Esa dinámica es continua en la historia de la salvación. Lo mismo observamos en el Evangelio, en el que se nos presenta a Juan bautizando para la conversión pero, al mismo tiempo, anunciando que detrás de él viene otro más grande. Los bienes que Dios nos otorga nos preparan para dones mayores.

Pero, cuando leemos la carta de san Pedro vemos que esa espera se hacía pesada para algunos. Se quejaban de que pasaba demasiado tiempo sin que sucediera nada de lo que se les había anunciado. El apóstol empieza con una afirmación esclarecedora: “No perdáis de vista una cosa: para el Señor un día es como mil años, y mil años como un día”. Por tanto, el plan de Dios no se mira desde la sucesión de los días, sino por su acción en nosotros. Ya nos ha dado la gracia de hacernos hijos suyos y, por lo mismo, su promesa ya se está realizando. La demora en su cumplimiento definitivo es a favor del hombre: “tiene mucha paciencia con vosotros, porque no quiere que nadie perezca, sino que todos se conviertan”.

Así pues, no debemos pensar que Dios no nos escucha, ni tampoco que se retrasa. San Agustín, refiriéndose a este mismo problema escribió: “Supón que quieres llenar una bolsa, y que conoces la abundancia de lo que van a darte; entonces tenderás la bolsa, el saco, el odre o lo que sea; sabes cuán grande es lo que has de meter dentro y ves que la bolsa es estrecha, y por eso ensanchas la boca de la bolsa para aumentar su capacidad. Así Dios, difiriendo su promesa, ensancha el deseo; con el deseo ensancha el alma y, ensanchándola, la hace capaz de sus dones”.

El tiempo de espera se muestra como un momento oportuno para incrementar nuestro deseo de Dios.

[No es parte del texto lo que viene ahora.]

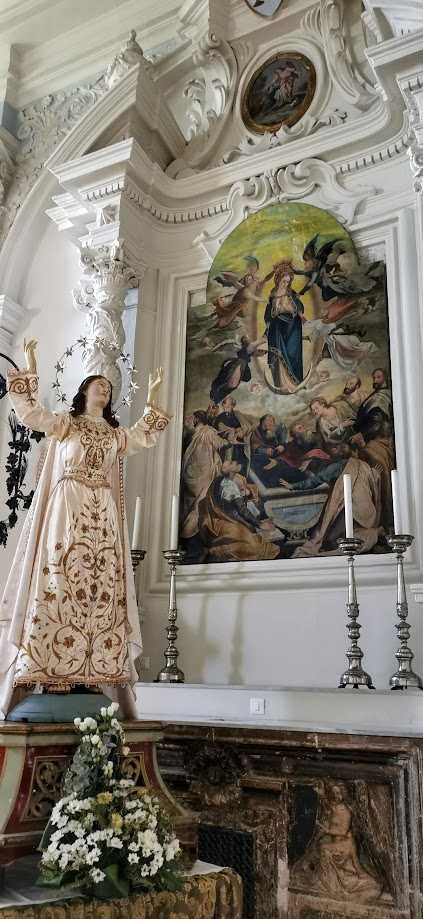 Cosa vedere a Guardiagrele e dintorni Abruzzo 13 Immagine di una chiesa barocca con un altare ornate e un dipinto religioso di grande formato sulla parete. Cassettone con fiori e statua di una Madonna con le braccia aperte di fronte all'altare, in un ambiente ricco di dettagli decorativi classici.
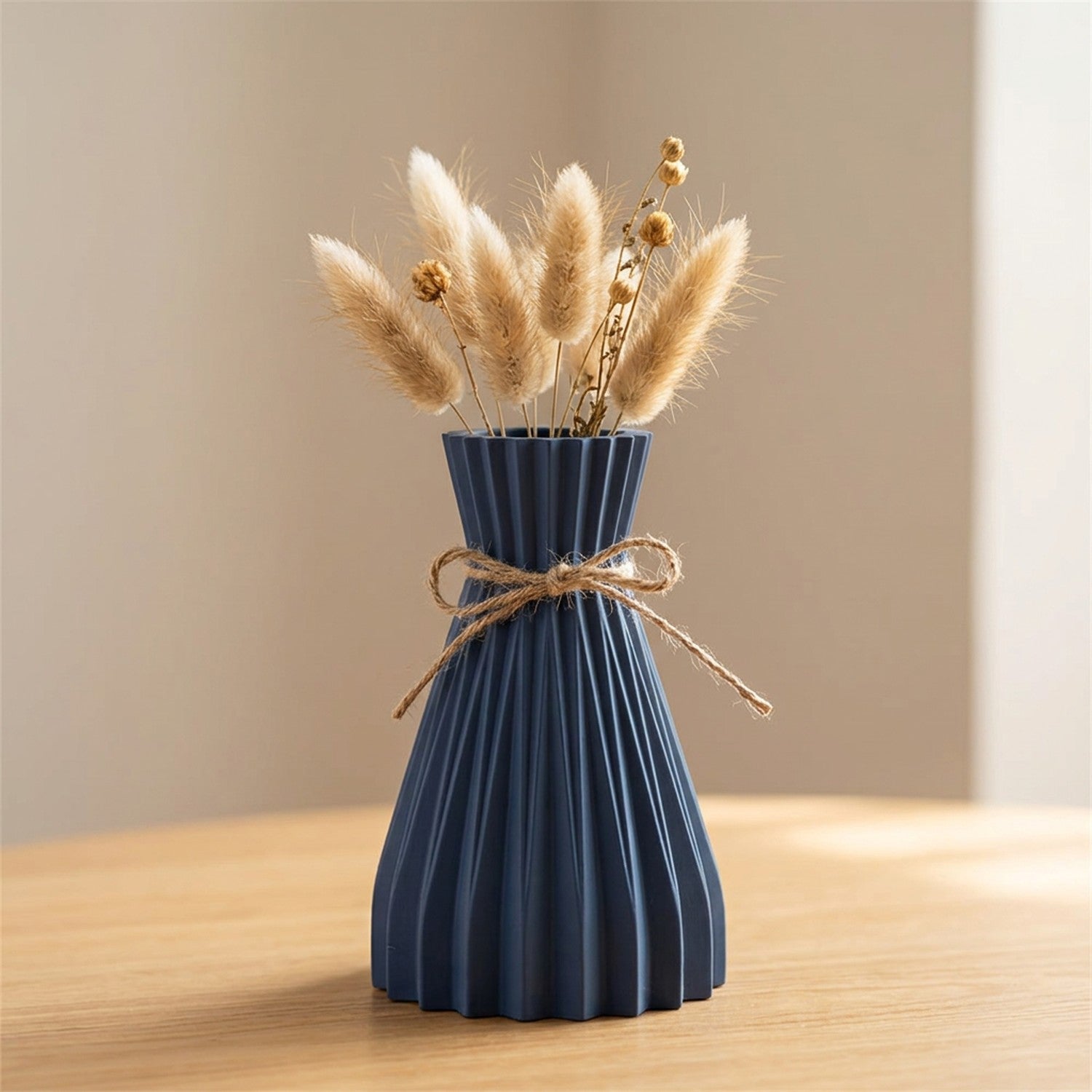 Vase origami plissé bleu foncé en plastique avec un nœud en jute et des fleurs séchées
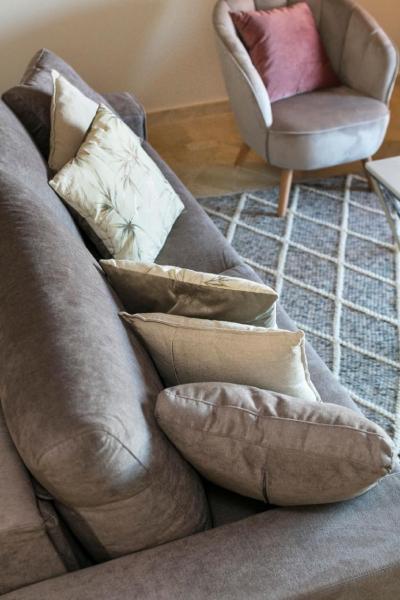 un sofá con almohadas y una silla en la sala de estar. en Royal Cabopino Townhouse, Marbella, en Marbella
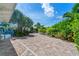 Brick paved driveway with tropical landscaping at 2903 Hill St, New Smyrna Beach, FL 32169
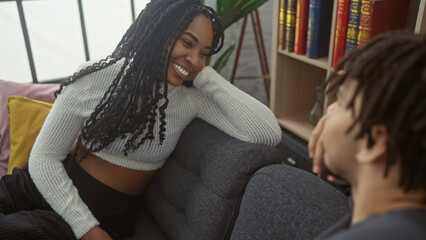 A smiling woman and a man enjoy a heartwarming moment together in a cozy, modern living room space.
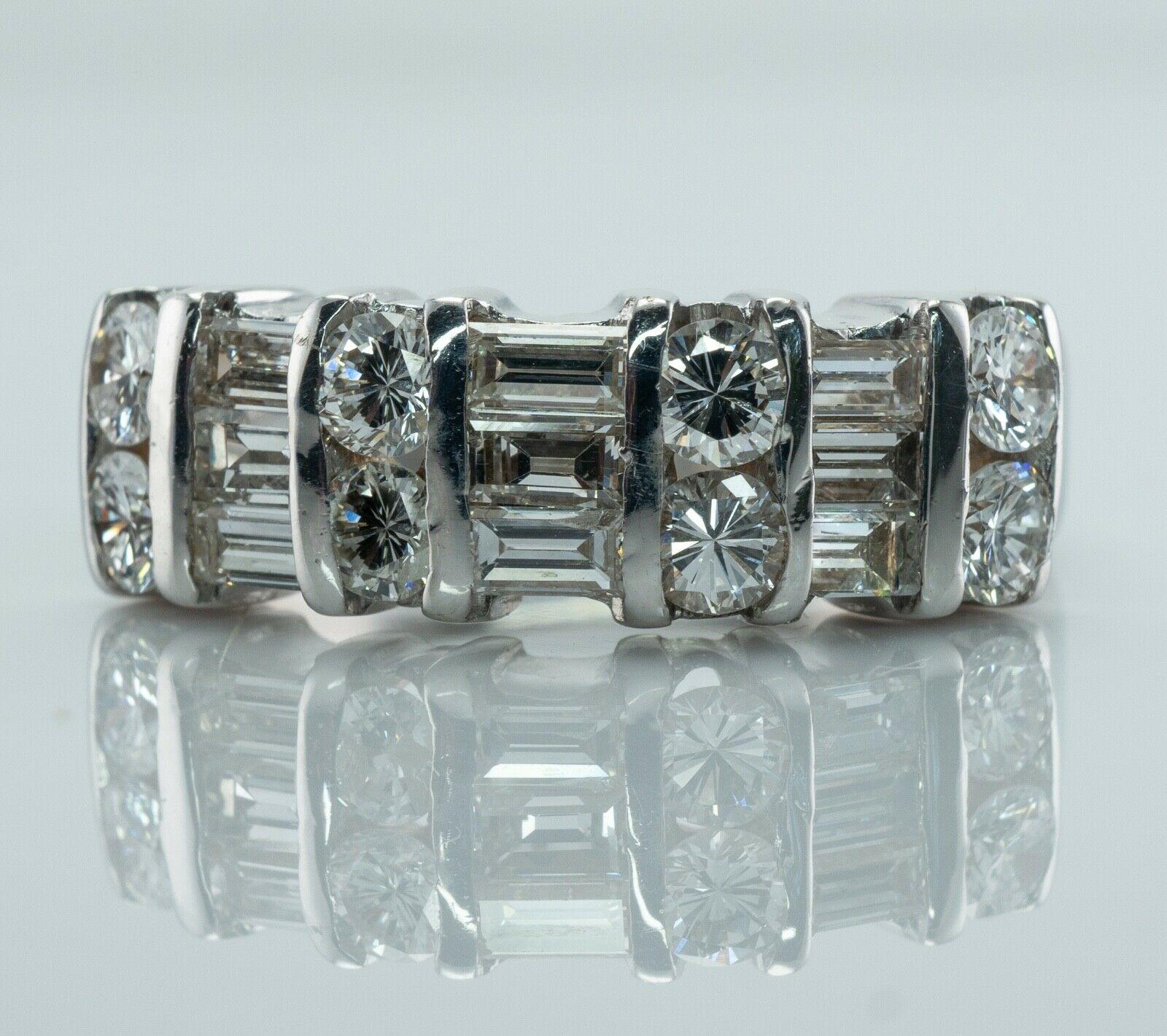 This beautiful estate diamond ring is finely crafted in solid 14K White Gold.
Eight round cut diamonds total .64 carat. Seven diamond baguettes total .63 carat.
One round cut and one baguette has small chips on the surface that cannot be seen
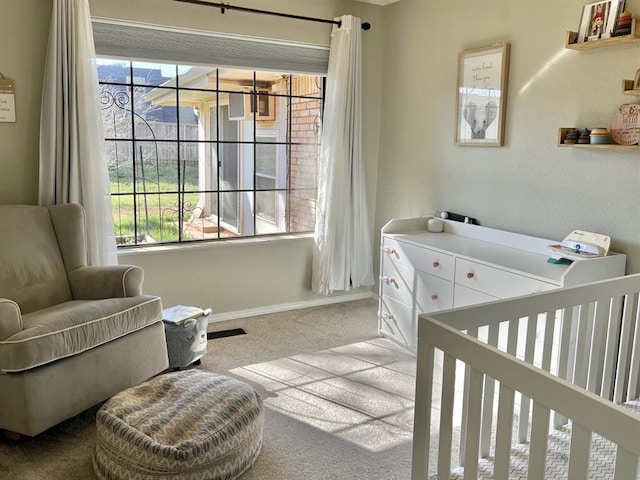 bedroom with light carpet and a nursery area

En el tiempo de Adviento intensificamos nuestra oración para ensanchar nuestra alma y, de esa manera, poder recibir todo lo que Dios quiere darnos y que es mucho mayor de lo que imaginamos. La espera, por tanto, no conduce al desánimo, sino a la vigilancia.

En el salmo leemos unas preciosas palabras: “la misericordia y la fidelidad se encuentran,/ la justicia y la paz se besan;/ la fidelidad brota de la tierra,/ y la justicia mira desde el cielo”. La misericordia es Dios que viene a buscarnos y la fidelidad se refiere a los hombres dispuestos a recibirlo. En Navidad recordamos un momento de ese beso, realizado en el misterio de la Encarnación: Dios que se hace hombre. Pero ese beso se actualiza después en el encuentro de Jesucristo con cada uno de nosotros, en el momento oportuno. Con todo lo que ya hemos recibido de Él, sabemos que debemos seguir atentos, porque el Señor no va a dejar de visitarnos.